--- Quote Start ---
At the moment the answer is no but we will take this into consideration since I agree being able to use block memory that is globally accessed is a beneficial thing.
--- Quote End ---
I understand that complying to the OpenCL conformance tests came first in the list. However, ones should also note that while OpenCL is a cross-platform programming model, it was not originally developed with FPGAs in mind, otherwise it would carry in its specification constructs that are 'hardware-aware'.
AFAIK, BRAMs are used only when __local buffers are instantiated, right? IMHO, I can think of two possible ways of using BRAMs. The first by expanding the concept of __local buffers within the AOCL spectrum only. For instance, one could define a global variable residing on __local memory.
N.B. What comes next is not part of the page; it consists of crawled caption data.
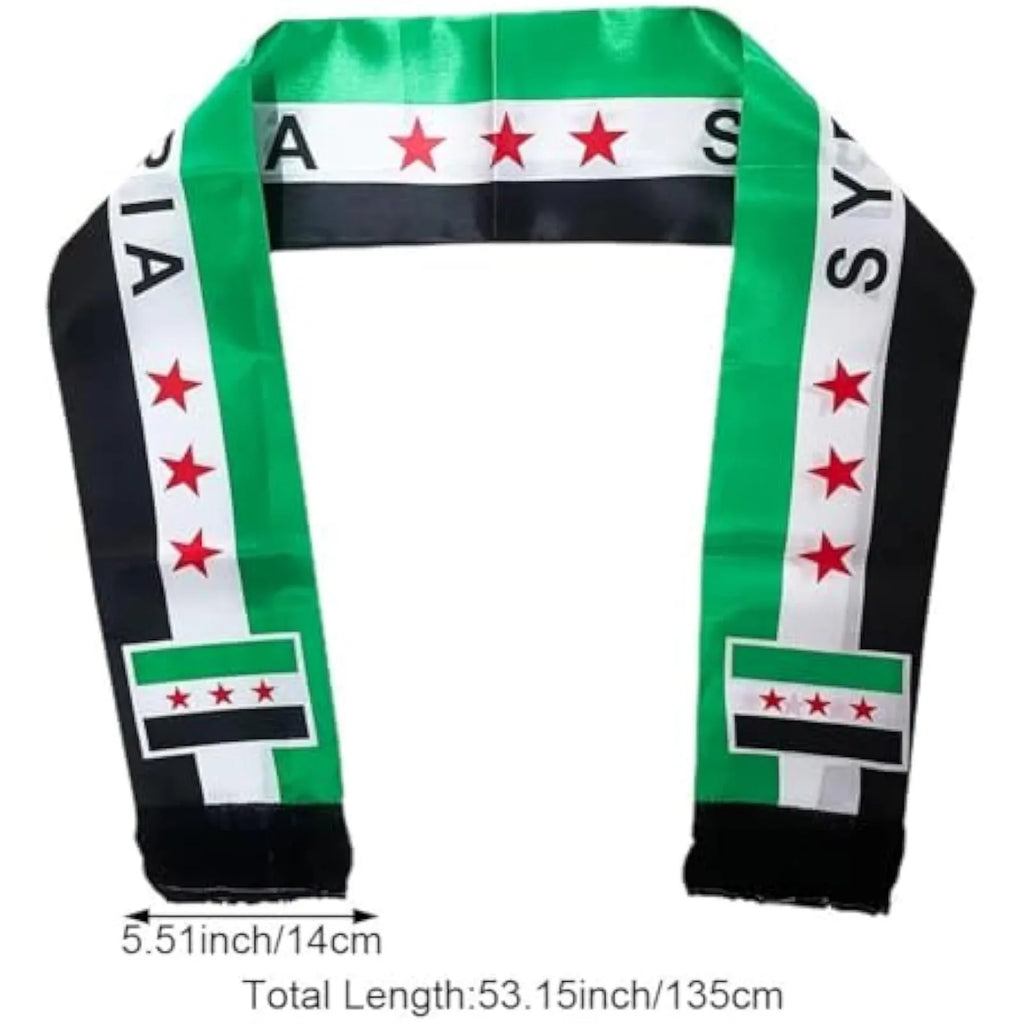 Syria Flag Scarf – Green White Black Cultural Wrap & Sash
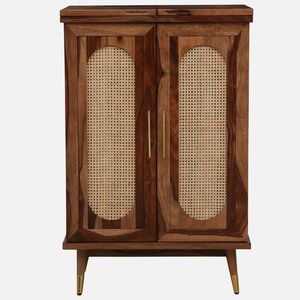 Contemporary Sheesham Wood Bar <b>Cabinet</b> <b>Rustic</b> Teak Finish Solid Hardwood Multi Storage Bar Furniture for Home Living Room - Product Image 3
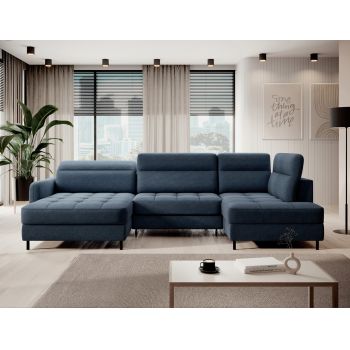 Coltar extensibil stanga 4 locuri ELTAP, LT-40RAQ, Berrto, 306x165x100 cm, lemn/poliester, albastru inchis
This way, an initialization kernel could be defined to explicitly move data from DRAM to BRAM. A naive approach, I assume.
Alternatively, a cl_mem object lying in the DRAM could be mapped onto a cl_mem object declared lying in the BRAM, by using existing clEnqueueMapBuffer function, although the function relates device with host memory space and not device with device memory. Instead of a DMA access from device to host, some mechanism would fetch data from DRAM and place in accordingly on the BRAM.
Either way, I think that it might take quite an effort to pull an explicit BRAM usage within the OpenCL 'boundaries'. How can we state how many blocks do we need and want our kernels to access within OpenCL? None of the above solutions addresses such case.